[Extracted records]
----------

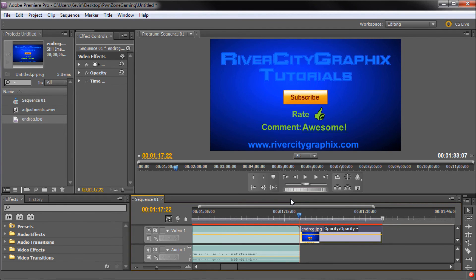So this has been a 60 second tutorial by Riversity Graphics. Be sure to subscribe, rate, and comment for more.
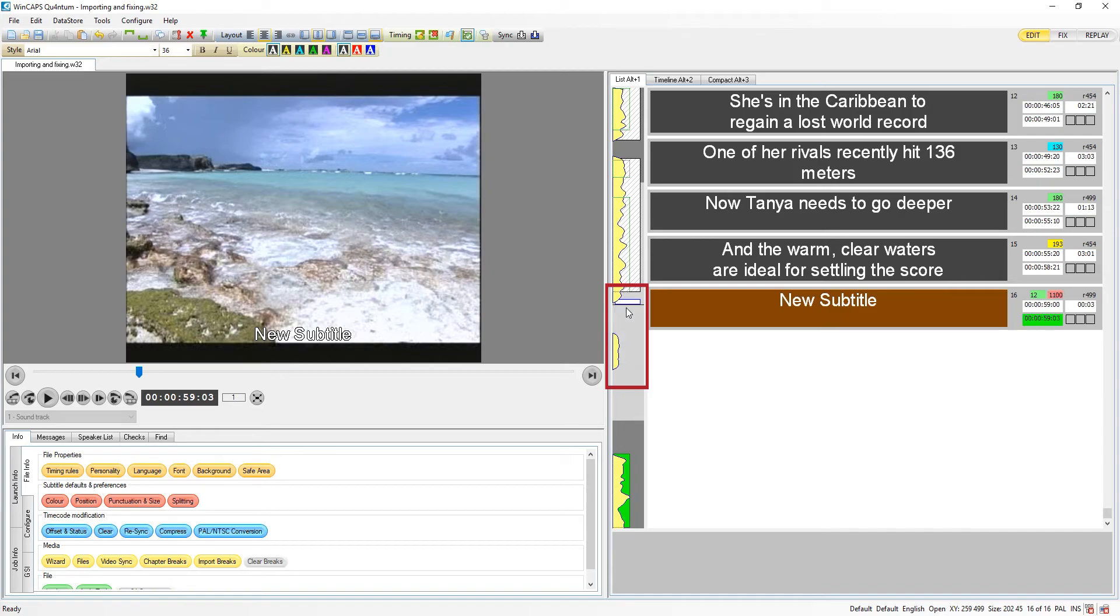Attempting to set the in time too close to or overlapping previous subtitles will push the preceding out time back.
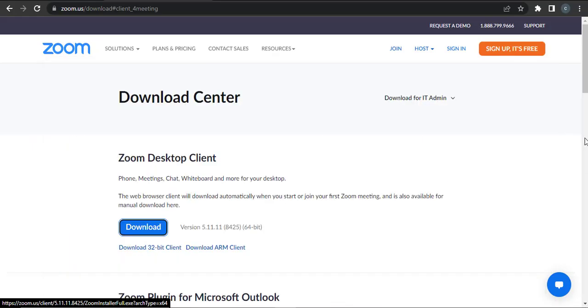So that's how you can download Zoom on your laptop and PC. I hope this video was helpful — if it was, then give this video a thumbs up and I will be back with more in the future.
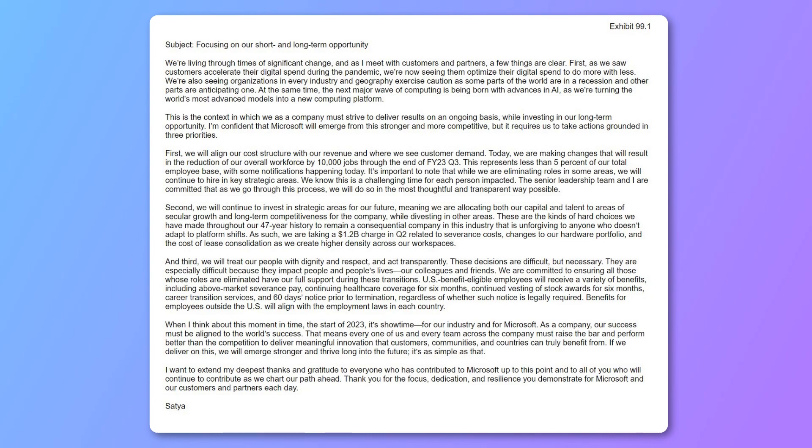This represents less than 5% of our total employee base, with some notifications happening today. It's important to note that while we are eliminating roles in some areas, we will continue to hire in key strategic areas. The senior leadership team and I are committed that as we go through this process, we will do so in the most thoughtful and transparent way possible.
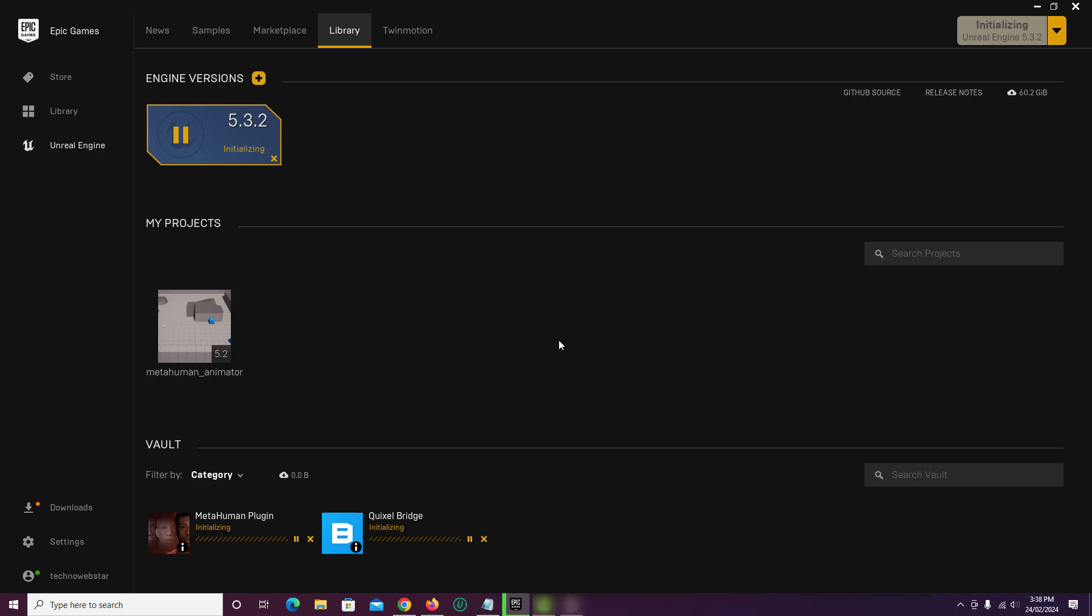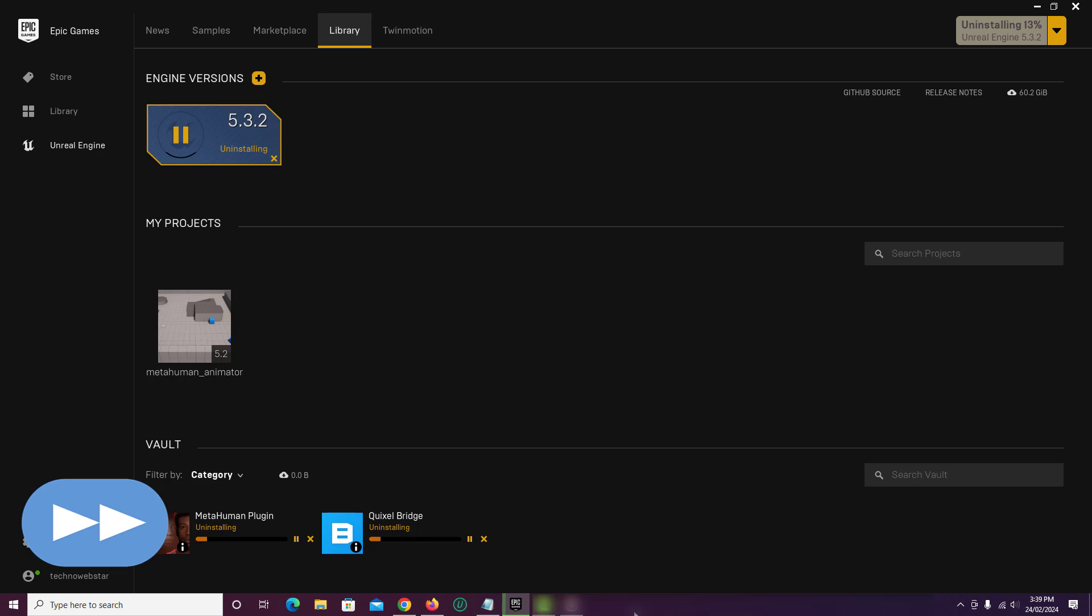On the top right side, you will find Uninstall progress. The file size is more than 55 GB. So this will take some time to complete the uninstallation.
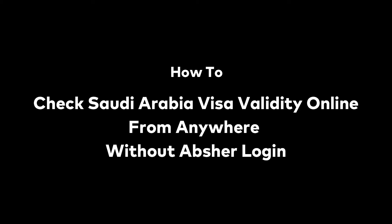How to check Saudi Arabia visa validity within two minutes from anywhere without Apsher login.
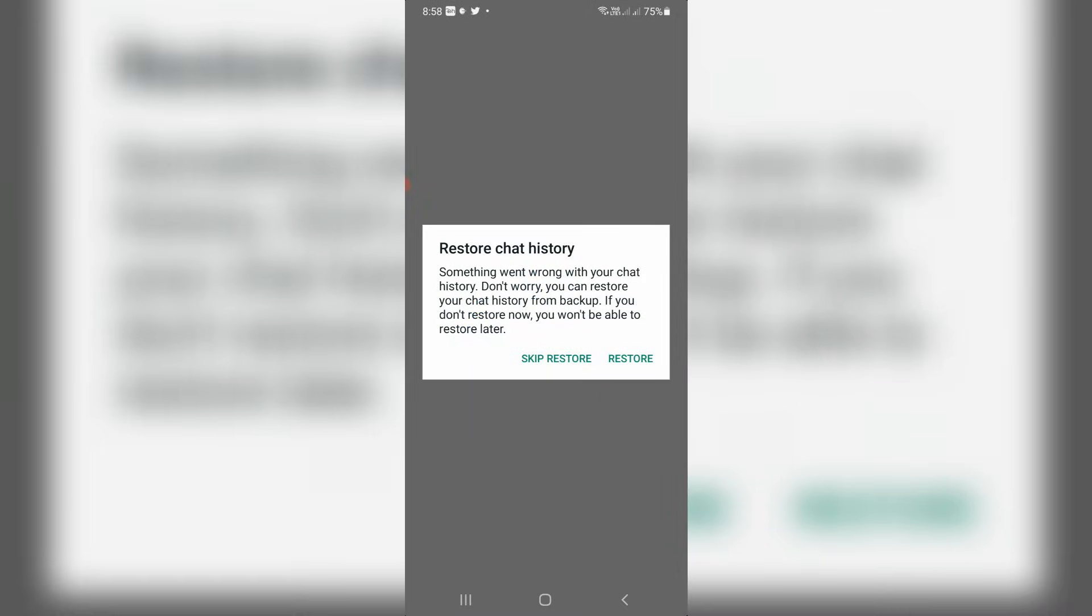Hello guys and welcome back to my YouTube channel Theta Box. Today I got the following error notification while I tried to backup my WhatsApp chats and it shows something went wrong with your chat history.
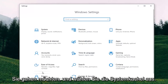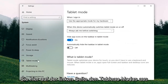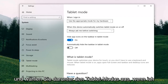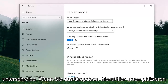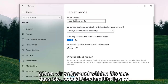Go ahead and select the System tile. Then select Tablet Mode on the left side. On the right, underneath 'When I sign in' under Tablet Mode, select the drop-down and choose Use Desktop Mode.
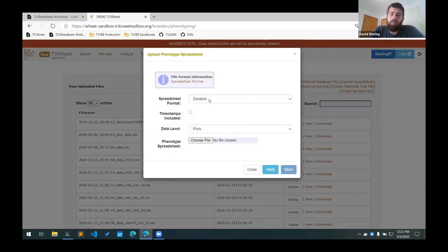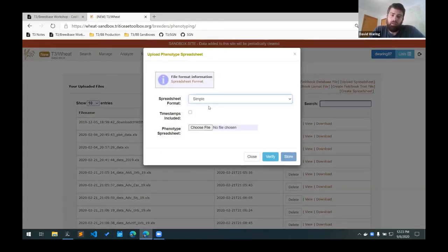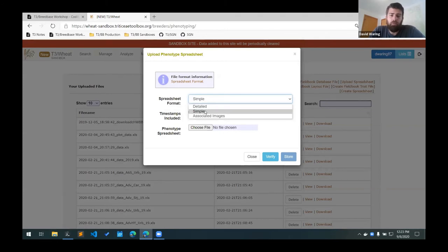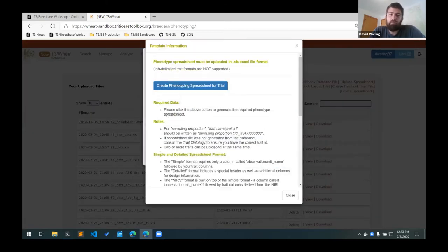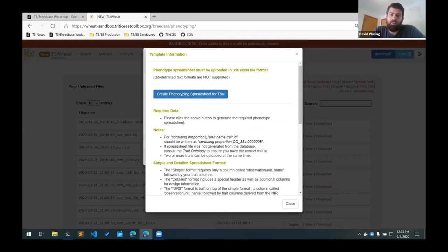And the format that we're using is simple. The detailed format just has some extra trial level metadata at the top of the page, but it's easier just to use the simple template. And again, there's some more information about the spreadsheet format here.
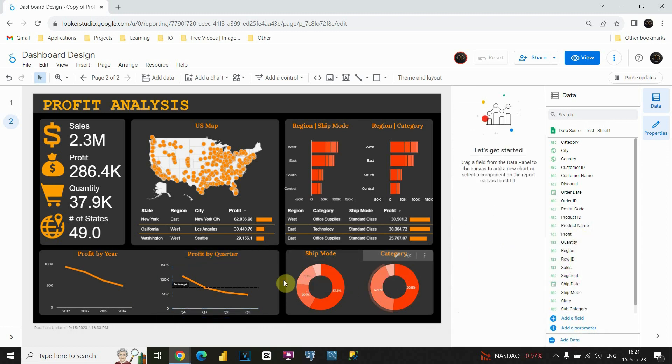Now you are able to see how quickly you can change your dashboard and improve it with some simple tricks. I hope that you enjoyed this video. Thanks for watching.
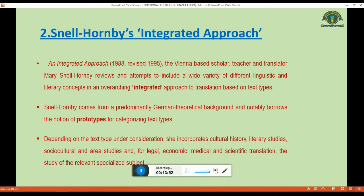Coming to the second theory: Snell-Hornby's integrated approach. The Vienna-based scholar, teacher, and translator attempted to include a wide variety of different linguistic and literary concepts in an overarching integrated approach to translation based on text type. Hornby comes from a predominantly German theoretical background and notably borrows the notion of prototype for categorizing text types. Depending on the text type under consideration, she incorporates cultural history, literary studies, socio-cultural and area studies, and for legal, economic, medical, and scientific translation, the study of the relevant specialized subjects.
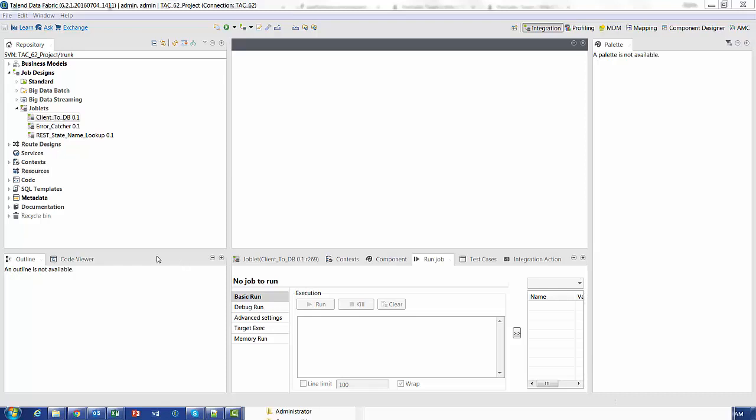Another great functional feature of the Enterprise Studio over the open source is the concept of joblets. Joblets allow the encapsulation of functionality that can be shared amongst many different designs.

----------

ASSIGNMENT: Could you repeat all of the data exactly, minus the pictures?

TASK SOLUTION:
So this has been a 60 second tutorial by Riversity Graphics. Be sure to subscribe, rate, and comment for more.
Attempting to set the in time too close to or overlapping previous subtitles will push the preceding out time back.
So that's how you can download Zoom on your laptop and PC. I hope this video was helpful — if it was, then give this video a thumbs up and I will be back with more in the future.
This represents less than 5% of our total employee base, with some notifications happening today. It's important to note that while we are eliminating roles in some areas, we will continue to hire in key strategic areas. The senior leadership team and I are committed that as we go through this process, we will do so in the most thoughtful and transparent way possible.
On the top right side, you will find Uninstall progress. The file size is more than 55 GB. So this will take some time to complete the uninstallation.
How to check Saudi Arabia visa validity within two minutes from anywhere without Apsher login.
Hello guys and welcome back to my YouTube channel Theta Box. Today I got the following error notification while I tried to backup my WhatsApp chats and it shows something went wrong with your chat history.
Go ahead and select the System tile. Then select Tablet Mode on the left side. On the right, underneath 'When I sign in' under Tablet Mode, select the drop-down and choose Use Desktop Mode.
And the format that we're using is simple. The detailed format just has some extra trial level metadata at the top of the page, but it's easier just to use the simple template. And again, there's some more information about the spreadsheet format here.
Now you are able to see how quickly you can change your dashboard and improve it with some simple tricks. I hope that you enjoyed this video. Thanks for watching.
Coming to the second theory: Snell-Hornby's integrated approach. The Vienna-based scholar, teacher, and translator attempted to include a wide variety of different linguistic and literary concepts in an overarching integrated approach to translation based on text type. Hornby comes from a predominantly German theoretical background and notably borrows the notion of prototype for categorizing text types. Depending on the text type under consideration, she incorporates cultural history, literary studies, socio-cultural and area studies, and for legal, economic, medical, and scientific translation, the study of the relevant specialized subjects.
Another great functional feature of the Enterprise Studio over the open source is the concept of joblets. Joblets allow the encapsulation of functionality that can be shared amongst many different designs.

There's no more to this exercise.